■ ASSIGNMENT:
Print the listing in full, with no character changed.
┌────────
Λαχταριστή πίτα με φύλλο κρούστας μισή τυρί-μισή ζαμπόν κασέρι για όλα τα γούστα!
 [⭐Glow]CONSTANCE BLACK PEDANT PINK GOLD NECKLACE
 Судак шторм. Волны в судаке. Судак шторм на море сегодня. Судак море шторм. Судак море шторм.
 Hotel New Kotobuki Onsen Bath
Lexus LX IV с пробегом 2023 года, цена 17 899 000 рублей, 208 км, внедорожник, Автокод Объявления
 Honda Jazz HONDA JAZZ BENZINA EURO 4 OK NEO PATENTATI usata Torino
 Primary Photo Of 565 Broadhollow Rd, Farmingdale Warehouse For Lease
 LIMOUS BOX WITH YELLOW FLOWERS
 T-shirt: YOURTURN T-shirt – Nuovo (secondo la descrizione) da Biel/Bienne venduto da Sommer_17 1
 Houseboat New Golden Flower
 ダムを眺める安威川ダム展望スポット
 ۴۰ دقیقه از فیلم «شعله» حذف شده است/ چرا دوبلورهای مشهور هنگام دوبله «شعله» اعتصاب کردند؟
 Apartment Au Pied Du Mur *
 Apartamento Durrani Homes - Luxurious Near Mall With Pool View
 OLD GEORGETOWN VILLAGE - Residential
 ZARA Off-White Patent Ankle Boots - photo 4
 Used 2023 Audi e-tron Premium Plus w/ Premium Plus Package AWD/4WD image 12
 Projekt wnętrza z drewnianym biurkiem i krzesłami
└────────
■ PROBLEM SOLUTION:
Λαχταριστή πίτα με φύλλο κρούστας μισή τυρί-μισή ζαμπόν κασέρι για όλα τα γούστα!
 [⭐Glow]CONSTANCE BLACK PEDANT PINK GOLD NECKLACE
 Судак шторм. Волны в судаке. Судак шторм на море сегодня. Судак море шторм. Судак море шторм.
 Hotel New Kotobuki Onsen Bath
Lexus LX IV с пробегом 2023 года, цена 17 899 000 рублей, 208 км, внедорожник, Автокод Объявления
 Honda Jazz HONDA JAZZ BENZINA EURO 4 OK NEO PATENTATI usata Torino
 Primary Photo Of 565 Broadhollow Rd, Farmingdale Warehouse For Lease
 LIMOUS BOX WITH YELLOW FLOWERS
 T-shirt: YOURTURN T-shirt – Nuovo (secondo la descrizione) da Biel/Bienne venduto da Sommer_17 1
 Houseboat New Golden Flower
 ダムを眺める安威川ダム展望スポット
 ۴۰ دقیقه از فیلم «شعله» حذف شده است/ چرا دوبلورهای مشهور هنگام دوبله «شعله» اعتصاب کردند؟
 Apartment Au Pied Du Mur *
 Apartamento Durrani Homes - Luxurious Near Mall With Pool View
 OLD GEORGETOWN VILLAGE - Residential
 ZARA Off-White Patent Ankle Boots - photo 4
 Used 2023 Audi e-tron Premium Plus w/ Premium Plus Package AWD/4WD image 12
 Projekt wnętrza z drewnianym biurkiem i krzesłami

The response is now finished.